The RECORD programme compared oral rivaroxaban with enoxaparin for prevention of venous thromboembolism after elective total hip or knee replacement. This analysis compared the safety of concomitant use of specified medications with rivaroxaban and enoxaparin by evaluating postoperative bleeding rates from the pooled RECORD1-4 data.

MATERIALS AND METHODS:

The co-medications were non-steroidal anti-inflammatory drugs and platelet function inhibitors, including acetylsalicylic acid (no dose restriction). The endpoints evaluated were the composite of major and non-major clinically relevant bleeding and any bleeding occurring after first oral study drug intake. The time relative to surgery was stratified into three time periods: day 1-3, day 4-7 and after day 7. Relative bleeding rate ratios for co-medication use versus non-use were derived using stratified Mantel-Haenszel methods and compared between rivaroxaban and enoxaparin groups.

RESULTS:

Co-medication use with rivaroxaban or enoxaparin resulted in non-significant increases in bleeding events.
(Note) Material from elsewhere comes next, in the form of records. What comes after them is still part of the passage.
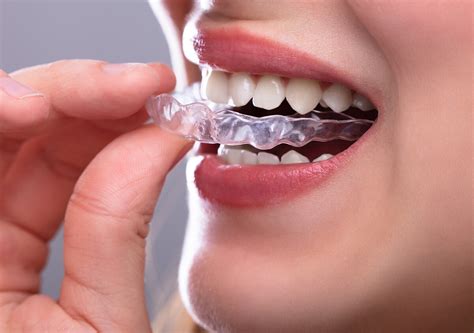 Clear Teeth Braces Carrollton Tx Benefits Of Invisalign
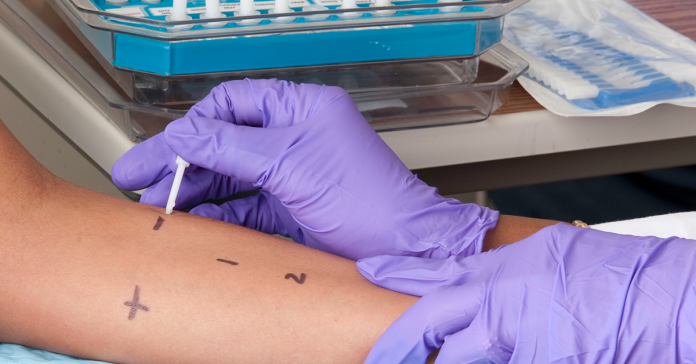 Skin Prick Testing Skin Prick Testing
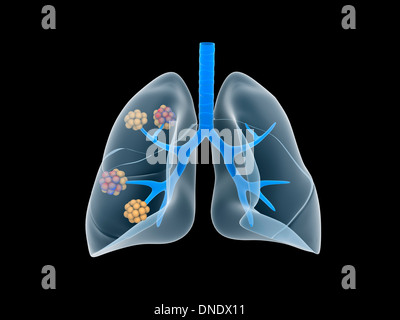 Conceptual image of human lungs. Stock Photo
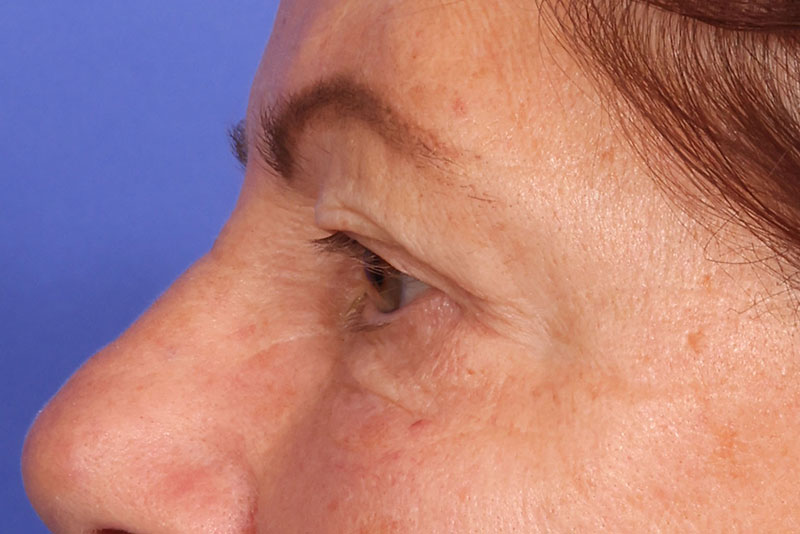 Blepharoplasty Before & After Image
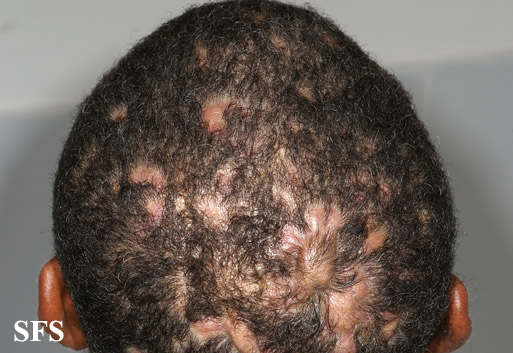 Perifolliculitis capitis. With permission from Dermatology Atlas.[4]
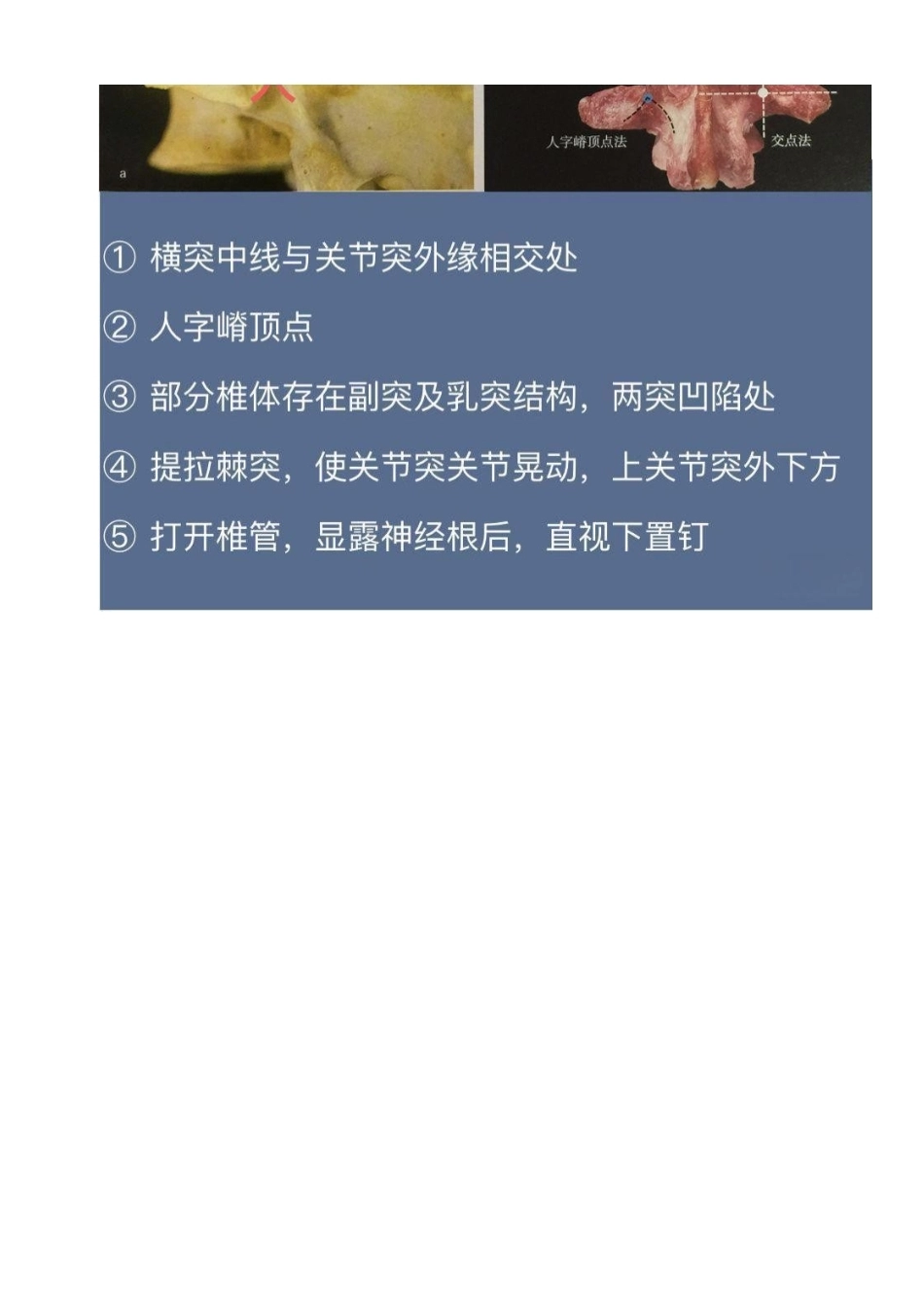 胸椎颈椎腰椎椎弓根置钉技术_第13页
Respective rate ratios were not significantly different between rivaroxaban and enoxaparin for all bleeding endpoints with concomitant use of non-steroidal anti-inflammatory drugs (any bleeding, 1.22 vs 1.22; major and non-major clinically relevant bleeding, 1.28 vs 0.90) and with concomitant use of platelet function inhibitors/acetylsalicylic acid (any bleeding, 1.32 vs 1.40; major and non-major clinically relevant bleeding, 1.11 vs 1.13).

CONCLUSIONS:

This explorative analysis indicates that there is no significant increase in bleeding risk for rivaroxaban compared with enoxaparin when co-administered with non-steroidal anti-inflammatory drugs or acetylsalicylic acid, although, because of low usage, the experience with platelet function inhibitors (except acetylsalicylic acid) was limited.